If you’re looking for a compact filming device that you can take just about anywhere, GoPro action cameras are still a go-to—they’re a lot easier to mount to a helmet or a surfboard than a smartphone, after all. Whether you’re just getting started with your GoPro or you’ve used it extensively, these tips should help you discover more of the camera’s capabilities.
These will work on the latest GoPro (the Hero9 Black at the time of writing), but many also apply to quite a few of the older models as well. If you’re unsure, check online or in the documentation that came with your device.
GoPros are known for their wide-angle shots, but you don’t always need a particularly wide field of view (FOV). Tap the W in the bottom right-hand corner of the LCD display to make changes, and to fit more or less into the frame once you start the actual filming.
The basics of FOV aren’t difficult to grasp, with a narrower setting giving you a more focused look at the action, almost like zooming in (which is also available). If you want to get rid of the fish-eye effect completely, choose one of the linear or narrow options.
If your GoPro camera has disappeared somewhere in your vicinity in the last few minutes, there’s a way of tracking it down. From the GoPro/Quik app on your smartphone, tap the wrench icon, then enable the Locate Camera toggle switch.
Your GoPro will start beeping, if it’s nearby and still connected, which should alert you to its whereabouts. Obviously this is rather limited in terms of range and time, but it’s a handy trick to know if you’ve put your camera down somewhere and can’t find it.
As with any other gadget, you’ll want to get as much battery life out of your GoPro as possible, and the battery level on the device can drain reasonably quickly with two LCD screens and a camera to power, even if you’re not actually doing any recording.
From Preferences, you can dial down the screen brightness and timeout delay (under Displays), and turn off GPS (under Regional). Tap Connections to disable the link to your phone and other devices, which should help you eke out even more battery life.
If you want to go beyond the default settings that you get with your GoPro out of the box, then you’ll want to make use of the various Protune settings. They give you more manual control when it comes to white balance, color profiles, ISO limit, sharpness and exposure.
On the latest cameras, tap the preset that’s currently activated on the rear LCD screen, then scroll down and tap the + icon to add a new one.
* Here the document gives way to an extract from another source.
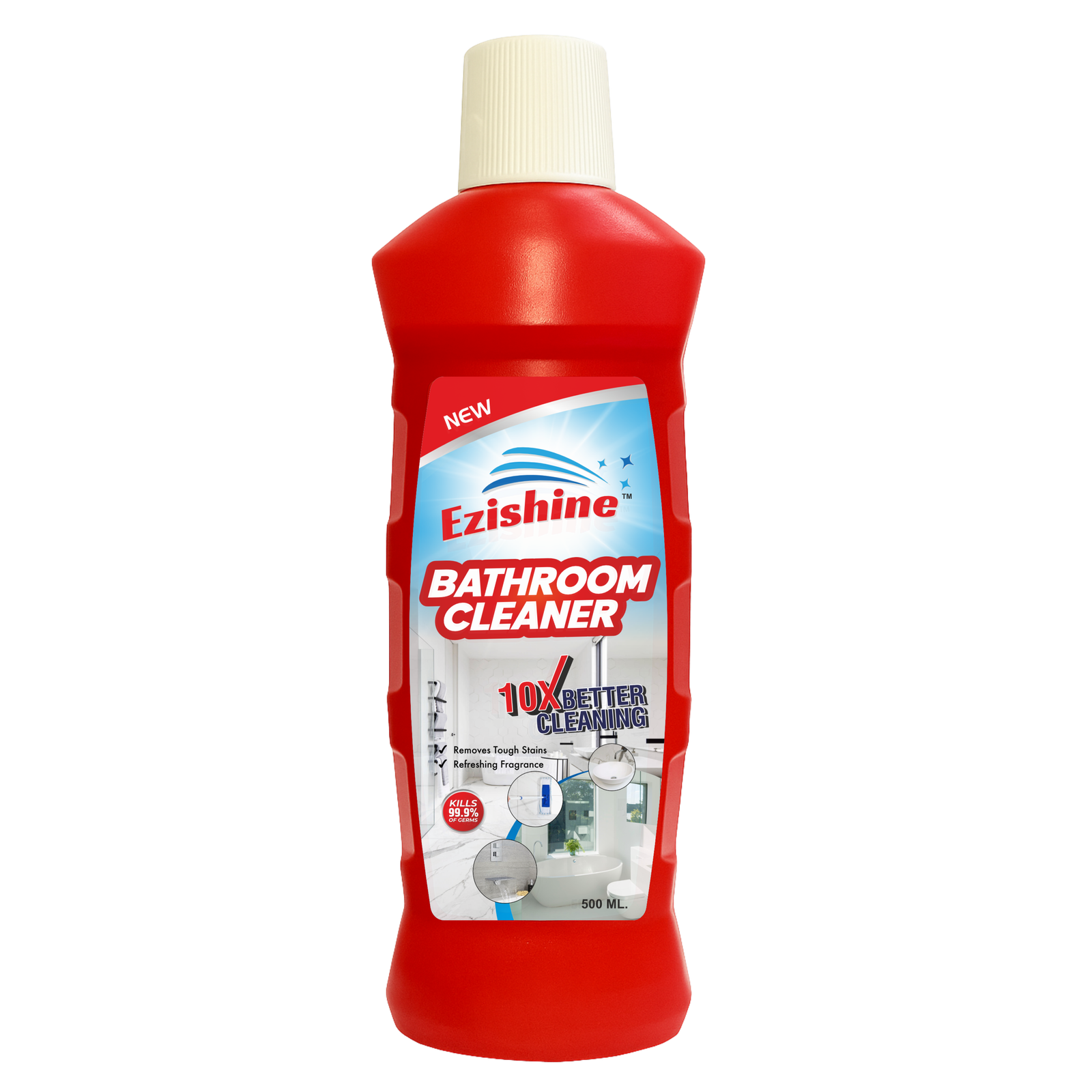 Ezishine Bathroom Cleaner 500ml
Among the standard settings for the preset, you’ll see a Protune section that includes the advanced features we’ve mentioned.
If you know there are certain settings that you rely on, from the field of view to the white balance, then save them as a preset. That way, you can restore a previous configuration in a couple of taps.
To set up your own preset configuration, tap whatever one is active on the LCD screen on the rear, then tap the + icon to build a new one. Resolution, frame rate, and duration limits are all available, and when you’re done you’ll have to give your preset a name.
We’re all used to talking to smart speakers and smartphones, and you can command your GoPro action camera with your voice, too. To enable the feature, swipe down on the display at the back of your camera, then tap the voice command icon if it’s not already turned on.
There’s a full list of commands you can use here (and under Voice Control and Commands in Preferences on your actual camera), but you can issue commands such as, “GoPro start recording,” and, “GoPro photo mode,” to trigger actions.
The latest GoPro camera models let you film in either vertical or portrait mode, suitable for all the social media channels you’re pushing out content too. The usual GoPro extras, including the wide-angle field of view, can still be applied.
Turn your camera on its side to switch. If you start filming vertically, the camera sticks with it until you stop. To lock yourself in vertical mode when framing shots before capturing, swipe down on the screen and tap the orientation lock icon (a square with arrows).
When you’re recording, you can press the mode button on the side of your GoPro to mark a particular highlight. That means it’s going to be easier to find later on when you’re reviewing the footage on your smartphone or through the camera’s built-in browser.
If you have voice control enabled (see above), you can also say, “GoPro highlight” to get the same result, and highlights can be added later on through the GoPro/Quik app on your phone, too. If you’re using the auto edit function, then highlights will get marked.
Here’s a good time-saver: Your GoPro can start transferring footage of your day’s adventures to the cloud as soon as you put it on charge in reach of your home wifi—as long as you’re paying out $5 a month or $50 a year for a GoPro Plus subscription, that is.
You need to do the initial setup through the GoPro/Quik app on your phone, so your camera knows which wifi network to use, but after that it all happens in the background. The charger must be at least a 5V 1A one, and your original files will stay in place.
You can enroll in the GoPro Labs program if your camera is on the list of compatible models (which includes the Hero9 Black and the Hero8 Black). It works in a similar way to any other beta program, giving you early access to experimental software features.
Some of the cool preview features available at the time of writing include starting recording when motion is detected, having the option of a single-button capture mode, and QR code control. You’ll need to follow the instructions to install the Labs update.